Supervised Regularized Canonical Correlation Analysis: integrating histologic and proteomic measurements for predicting biochemical recurrence following prostate surgery
1 Department of Electrical and Computer Engineering, Rutgers University, Piscataway, New Jersey, USA
2 Department of Biomedical Engineering, Rutgers University, Piscataway, New Jersey, USA
3 Department of Pathology, University of Pennsylvania, Philadelphia, Pennsylvania, USA
4 The Wistar Institute, Philadelphia, Pennsylvania, USA
BMC Bioinformatics 2011, 12:483 doi:10.1186/1471-2105-12-483Published: 19 December 2011
Multimodal data, especially imaging and non-imaging data, is being routinely acquired in the context of disease diagnostics; however, computational challenges have limited the ability to quantitatively integrate imaging and non-imaging data channels with different dimensionalities and scales. To the best of our knowledge relatively few attempts have been made to quantitatively fuse such data to construct classifiers and none have attempted to quantitatively combine histology (imaging) and proteomic (non-imaging) measurements for making diagnostic and prognostic predictions. The objective of this work is to create a common subspace to simultaneously accommodate both the imaging and non-imaging data (and hence data corresponding to different scales and dimensionalities), called a metaspace. This metaspace can be used to build a meta-classifier that produces better classification results than a classifier that is based on a single modality alone. Canonical Correlation Analysis (CCA) and Regularized CCA (RCCA) are statistical techniques that extract correlations between two modes of data to construct a homogeneous, uniform representation of heterogeneous data channels. In this paper, we present a novel modification to CCA and RCCA, Supervised Regularized Canonical Correlation Analysis (SRCCA), that (1) enables the quantitative integration of data from multiple modalities using a feature selection scheme, (2) is regularized, and (3) is computationally cheap. We leverage this SRCCA framework towards the fusion of proteomic and histologic image signatures for identifying prostate cancer patients at the risk of 5 year biochemical recurrence following radical prostatectomy.

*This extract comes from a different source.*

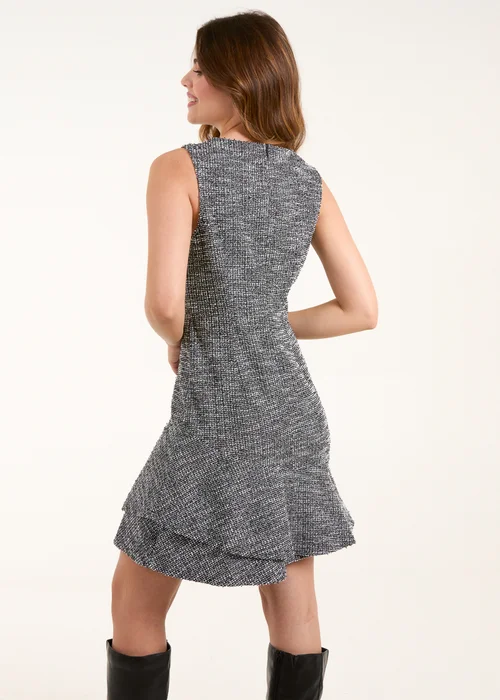 Blue Vanilla Black Frill Hem Boucle Pinny Dress - 12 Image 2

A cohort of 19 grade, stage matched prostate cancer patients, all of whom had radical prostatectomy, including 10 of whom had biochemical recurrence within 5 years of surgery and 9 of whom did not, were considered in this study. The aim was to construct a lower fused dimensional metaspace comprising both the histological and proteomic measurements obtained from the site of the dominant nodule on the surgical specimen. In conjunction with SRCCA, a random forest classifier was able to identify prostate cancer patients, who developed biochemical recurrence within 5 years, with a maximum classification accuracy of 93%.
The classifier performance in the SRCCA space was found to be statistically significantly higher compared to the fused data representations obtained, not only from CCA and RCCA, but also two other statistical techniques called Principal Component Analysis and Partial Least Squares Regression. These results suggest that SRCCA is a computationally efficient and a highly accurate scheme for representing multimodal (histologic and proteomic) data in a metaspace and that it could be used to construct fused biomarkers for predicting disease recurrence and prognosis.